The European Union, another of the territories severely affected by the coronavirus in recent months, will present a proposal for a resolution at the assembly, together with other WHO members, calling for a review of the organization’s management of the pandemic. , looking for responsibilities.

The last point of the resolution, which also has Russia, Japan, Mexico, and Australia, among others, as signatories, asks to start as soon as possible “a gradual process of impartial, independent and exhaustive evaluation” of the international health response coordinated by the WHO. against COVID-19.
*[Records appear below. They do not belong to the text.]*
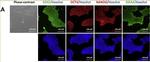 Rabbit IgG (H+L) Highly Cross-Adsorbed Secondary Antibody in Immunocytochemistry (ICC/IF)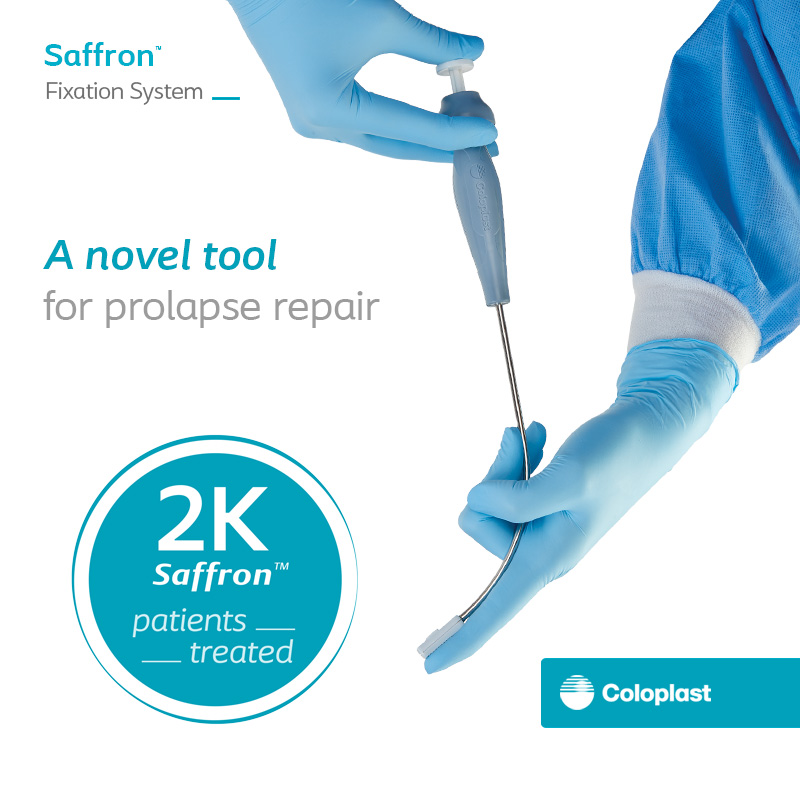 We have reached 2,000 #Saffron patients treated in less than a year since launch.
#Coloplast is committed to support you and your patients with quality products and education.
Read Saffron clinical study here: coloplast.to/Clinical-Summ
Important safety info: coloplast.to/SBS
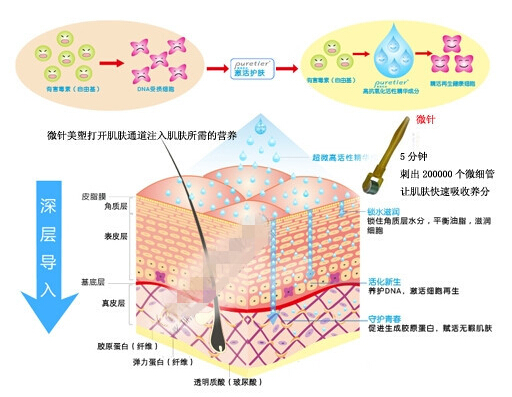 美塑去痘印有哪些优势?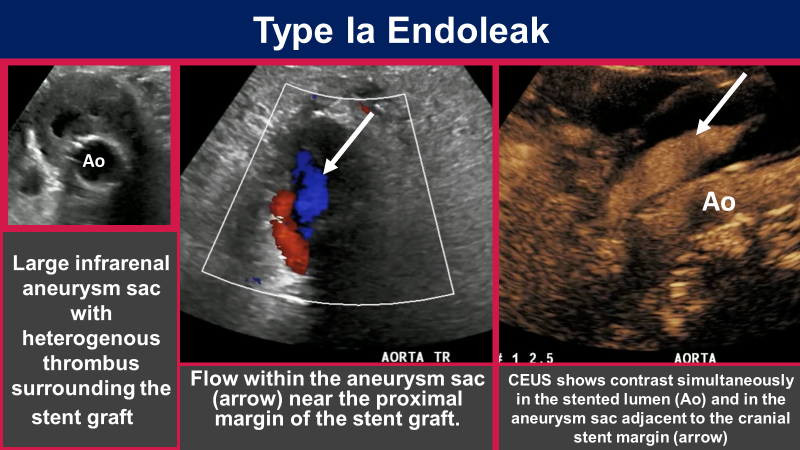 samrad77's tweet photo. Type I endoleak occurs due to insufficient attachment of the stent graft limb to the native arterial wall and may be proximal (type IA) or distal (type IB), with resultant sac expansion from antegrade blood flow.

#RGPhx
10/15 https://t.co/rjbE0iJqvn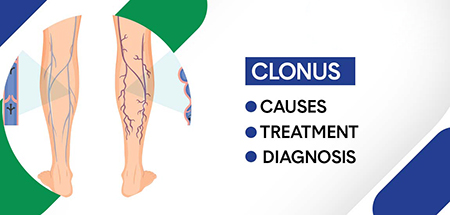 کلونوس, علت کلونوس, نشانه های بیماری کلونوس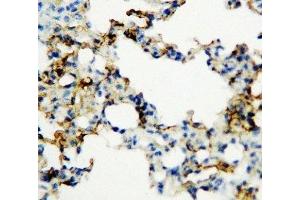 IHC-P: RAGE antibody testing of rat lung tissue (RAGE Antikörper  (Middle Region))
The search for responsibilities could add tension to an assembly in which not only the WHO but also China, the origin of the pandemic, could receive criticism about its management, in the opinion of the expert in the organization Jeremy Youde, of the University of Minnesota Duluth (USA).

“In the pandemic, influential countries accuse each other of not having done enough, which has become a problem and a challenge for the WHO, an organization that always tries to be diplomatic with all its members,” he said.

The assembly will have in its agenda another thorny point, that of including or not in it as an observer to Taiwan, the first territory in the world to initiate preventive measures against the coronavirus and the one that has shown one of the most exemplary efforts, having registered only 440 cases and seven deaths.

Diplomatic allies of the island, including Latin American countries such as Guatemala, Honduras, Nicaragua or Paraguay, formally requested to invite Taiwan; and the United States, through the mouth of its Secretary of State Mike Pompeo, also publicly requested that the island be present, something that will be voted on initially.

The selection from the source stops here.